Сестры переглянулись и согласно кивнули:

– Адрес нам дайте, мы будем платить. Жена ни в чем не виновата.

***

По пути в аэропорт, откуда капитан должен был лететь в Москву, Ульяна упросила Петечку заехать в психоневрологический диспансер, чтобы посмотреть на жену Самсонова.

– Без тебя не пустят, – оправдывалась она, – а ты корочки покажешь, расскажешь что-нибудь по делу, как расследовали, наври что-нибудь, а мы с Верой быстренько посмотрим на нее.

– Ой, ну что там смотреть, – злился Петечка, – психи они и есть психи, бродят по территории, как лунатики, или сидят в инвалидках, в глазах ни одной мысли. Буйных в этом диспансере нет, все солидно.

– Нам только одним глазком, а? – подключилась Вера, – такая знаменитость – жена самого Самсонова! Ну, Петечкааа…

Диспансер и впрямь выглядел солидно. Старинное здание из бело-серого камня, колонны, сбегающая в сад мраморная лестница. Повсюду зеленые пышные кусты и хвойные деревья, в саду – посыпанные гравием дорожки и много скамеек. И все это великолепие было окружено высоченным бетонным забором, скрытым от глаз вьющимся девичьим виноградом.

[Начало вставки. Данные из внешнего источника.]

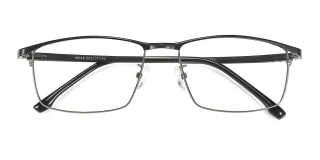Grey Eyeglasses 52341C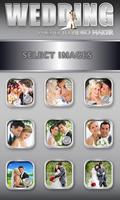 1 Schermata Wedding Photo Video Editor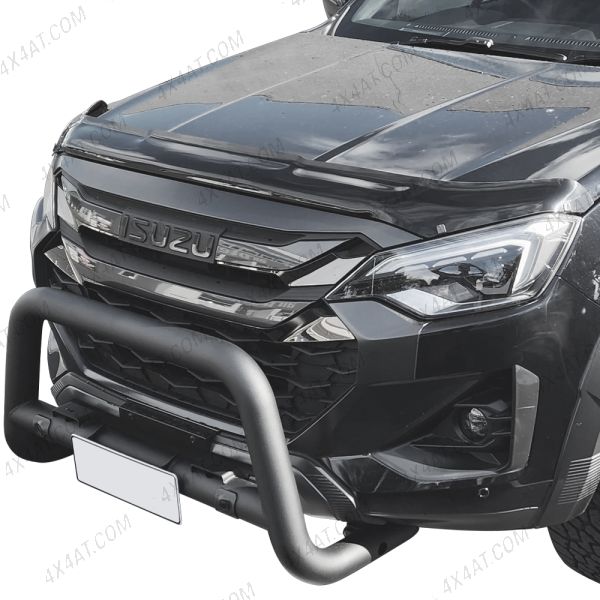 Isuzu D-Max 2025- Dark Smoke Bonnet Guard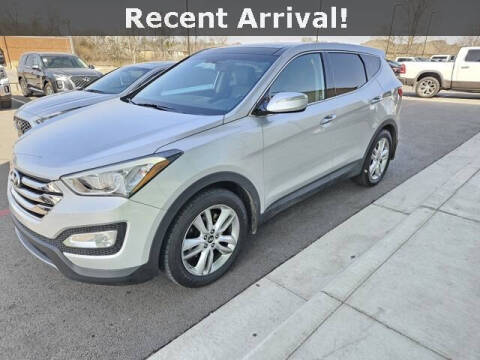 2013 Hyundai Santa Fe Sport for sale at Regional Hyundai in Broken Arrow OK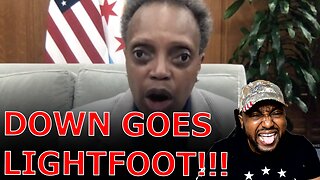 Lori Lightfoot Gets DESTROYED As She LOSES Re-Election Bid For Chicago Mayor In MASSIVE LANDSLIDE!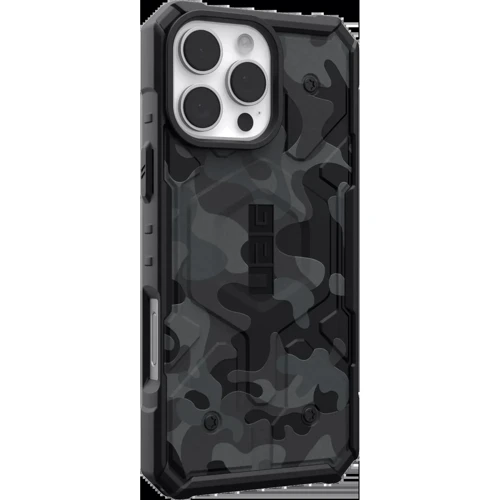 Чохол для iPhone Urban Armor Gear UAG Pathfinder SE Magsafe Midnight Camo (114472114061) для iPhone 16 Pro Max: Тип аксесуара чехол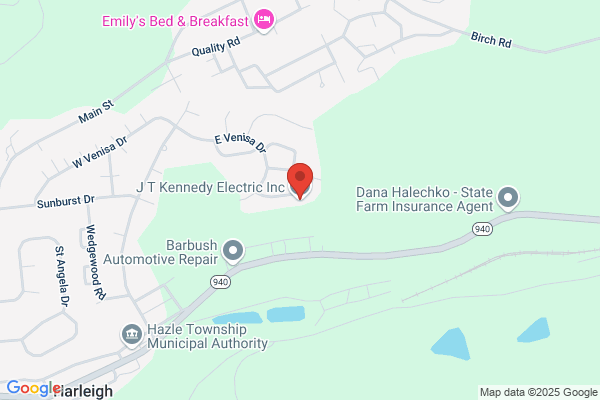 J T Kennedy Electric Inc.
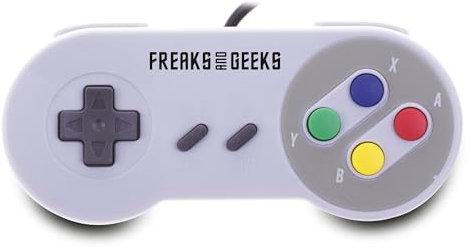 SNES Controller (Electronic Games)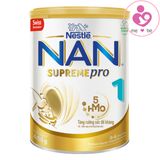 Sữa NAN Supremepro 1 cho bé 0-6 tháng dị ứng đạm sữa bò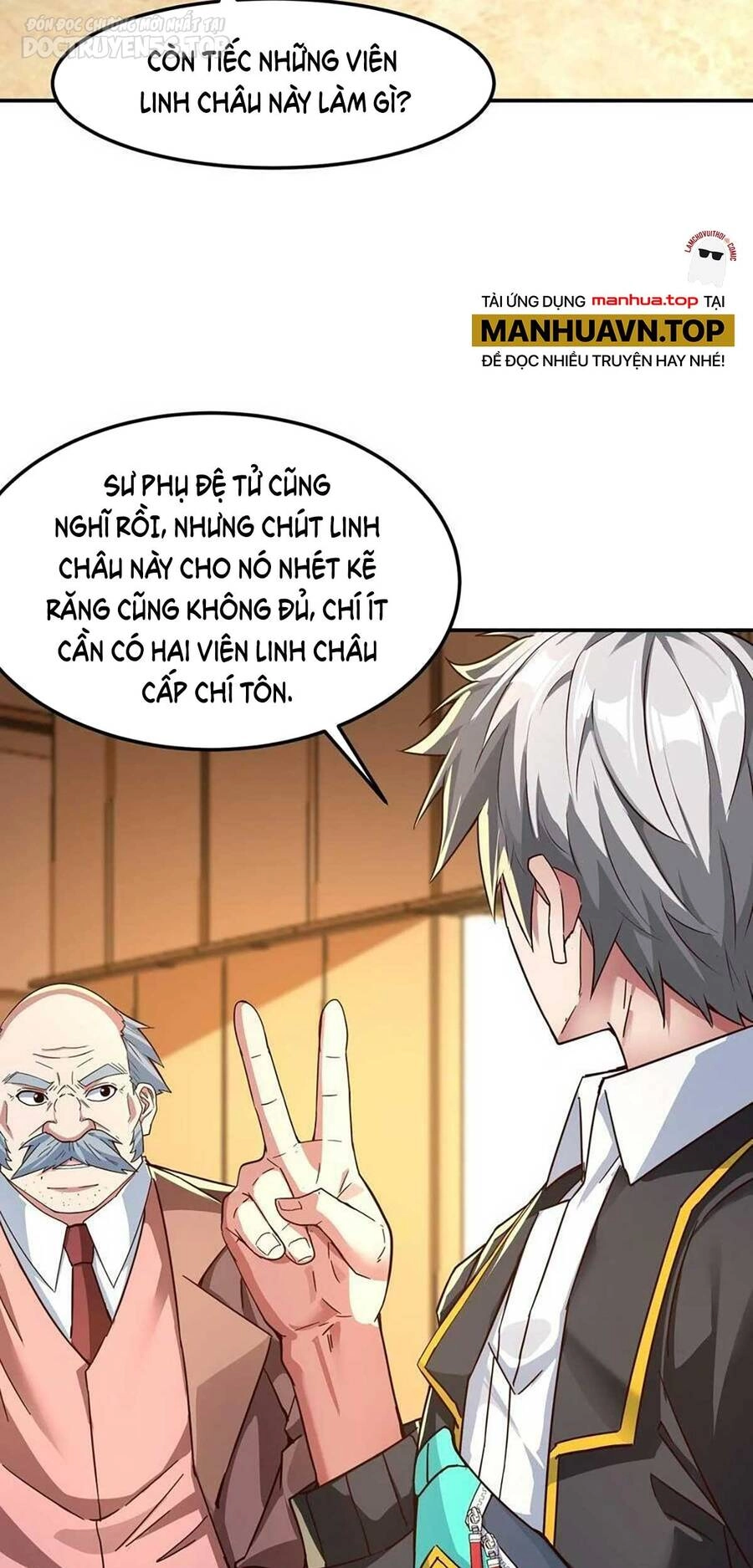 Linh Khí Khôi Phục: Ta Mỗi Ngày Thu Được Một Cái Kỹ Năng Mới Chapter 118 - 14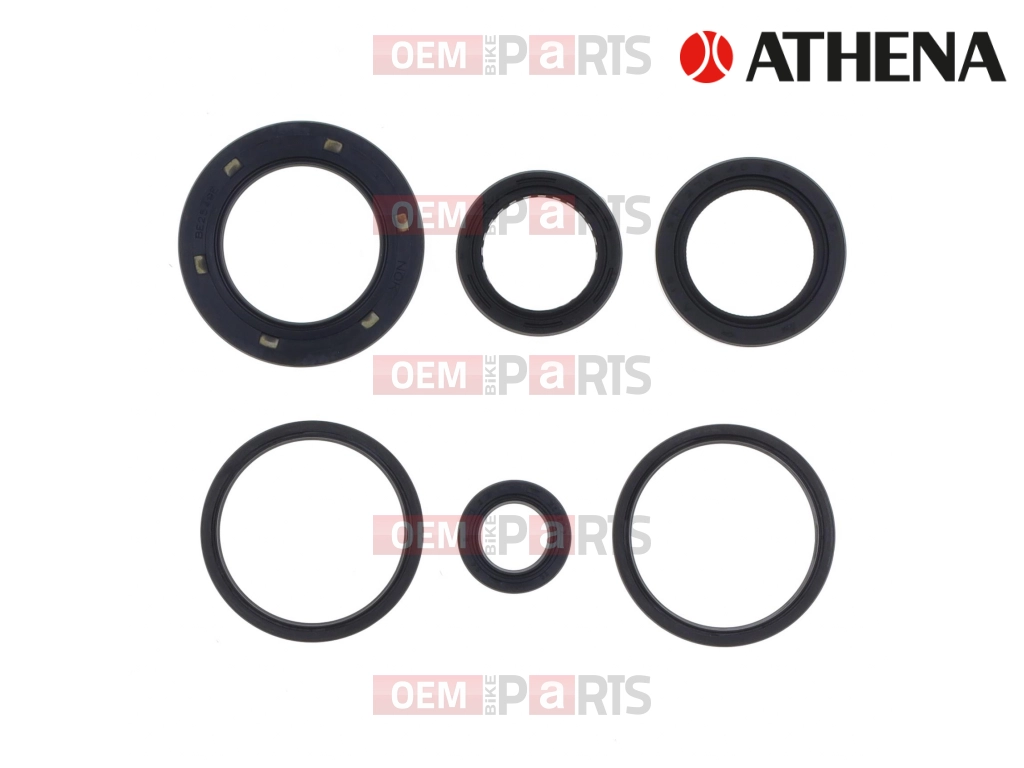 Oil seals kit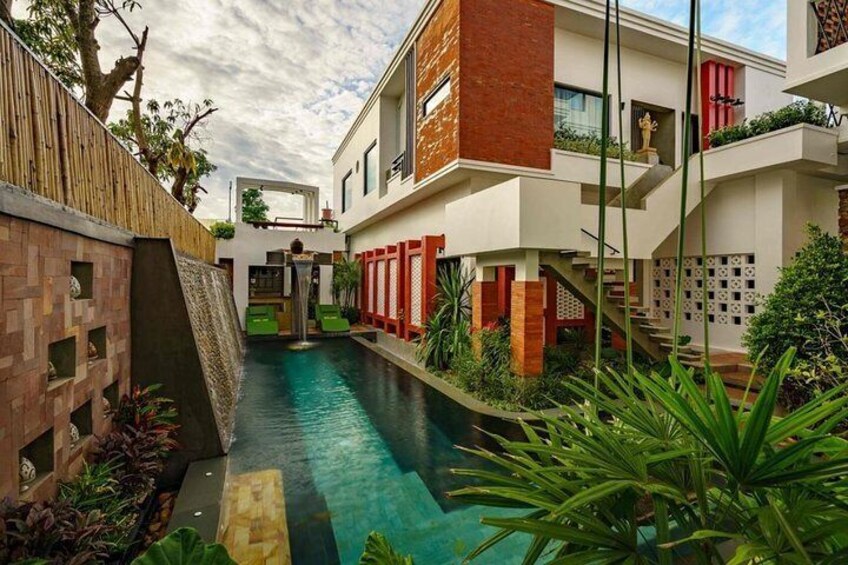 1-hour Relaxing Traditional Khmer Massage in Siem Reap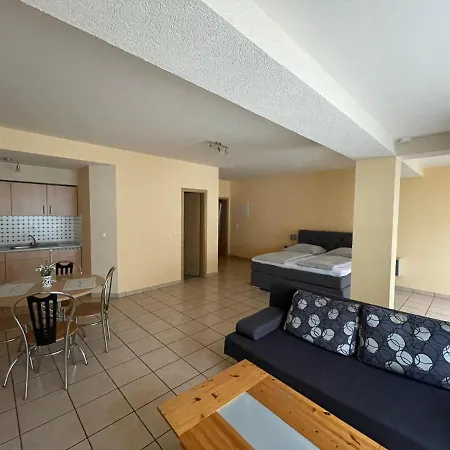 Apartment Residenz Moselstausee Sankt Aldegund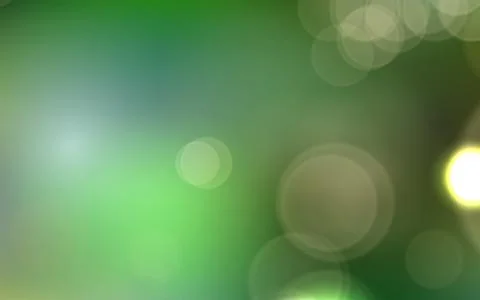 Abstract shiny blurred lights background stock illustration Stock Illustration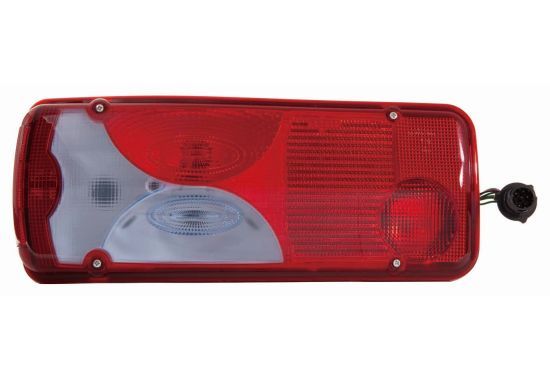 Lampy tylne ABAKUS 449-1901L-WE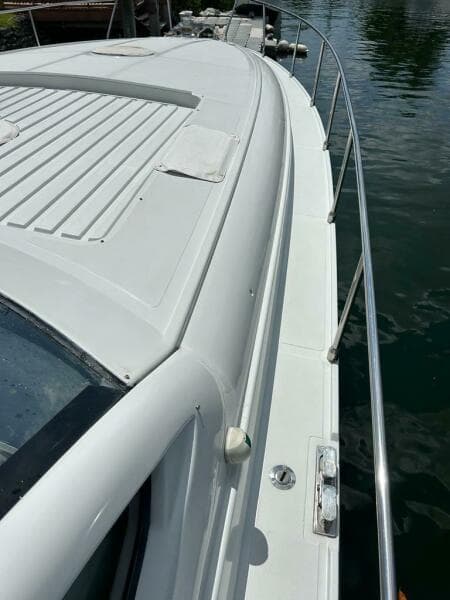 1999 Pershing 54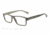 Armani EA3013 Single Vision Prescription Eyeglasses 5105-52 - Top Military/camoufflage Frame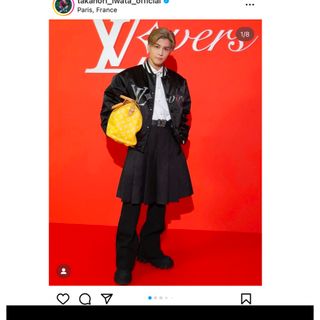 LOUIS VUITTON(ナイロンジャケット)のフリマアイテム一覧 LOUIS VUITTON(ナイロンジャケット)のフリマアイテム一覧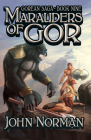 Marauders of Gor (Gorean Saga #9) Cover Image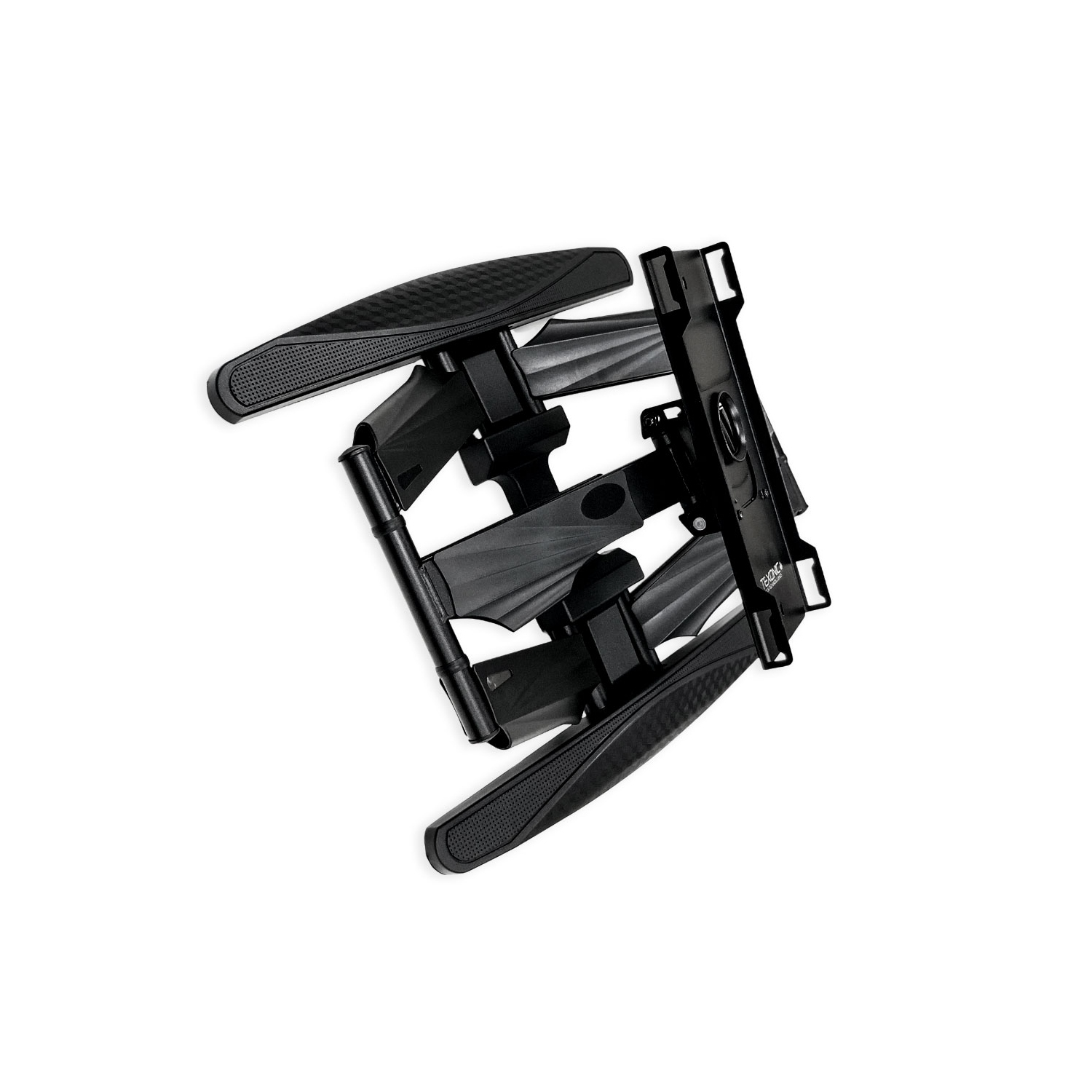 TEXONIC Support mural pour téléviseur à mouvement complet de 40 "à 75" | Profil mince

– Вон она, – сиделка, которая сопровождала подруг, махнула на одиноко сидящую женщину в конце сада, – всегда молчит, смотрит, иногда бормочет. Нет с ней никаких проблем. Можете подойти ближе.

Вера и Ульяна осторожно обошли пациентку диспансера и остановились рядом, бросая короткие взгляды на безмятежное, несомненно, когда-то очень красивое лицо.

– Странно, что она молчит, у нее же голос не пропал, – вышагивая обратно по гравию, удивлялась Ульяна. – А решили, куда перевести, ведь Самсонов погиб, а больше платежеспособных родственников нет?

– Не поверите, но буквально на днях приезжала племянница Ларочка, такая приятная девушка, такая умничка. Все с директрисой быстро решили. И договор новый, и платежку сразу сделали. Ну и слава Богу, – сиделка неожиданно перекрестилась, – жалко мне их, вроде на вид целые, а внутри пустые. Орехи такие бывают. Как же не помнить жизнь свою, детишек, маму с папой?

– Ну, что-то они наверняка помнят, – возразила Ульяна, обрадованная новостью о племяннице Ларочке, – я уверена, помнят, но только хорошее.

… Ирина помнила. Как счастливая вышла из роддома, прижалась к мужу и прошептала, что врач ее похвалил, сказал, что все неплохо, но нужно беречься. Как попросила сесть за руль машины, мол, в последний раз, ну, пожалуйста. А потом острую боль внизу живота и затемнение в глазах. И удар помнила. И брызги крови на стекле. И страшный детский крик. А потом все путалось. Вроде бы мужчина взял ее на руки и зачем-то перенес на пассажирское сиденье. Все приговаривал: «Ты только не волнуйся, ты молчи, я сам все сделаю». Что сделаю? Этого Ирина уже не помнила. И все… Дальше воспоминания путались. Но это же какое-то кино? Красивый мужчина несет ее на руках. Кровь на капоте и стеклах автомобиля. Наверное, мужчина ее сбил, потом спас, а потом они поженились. Ирина прикрыла веки и задремала. Конечно, кино. В жизни так не бывает.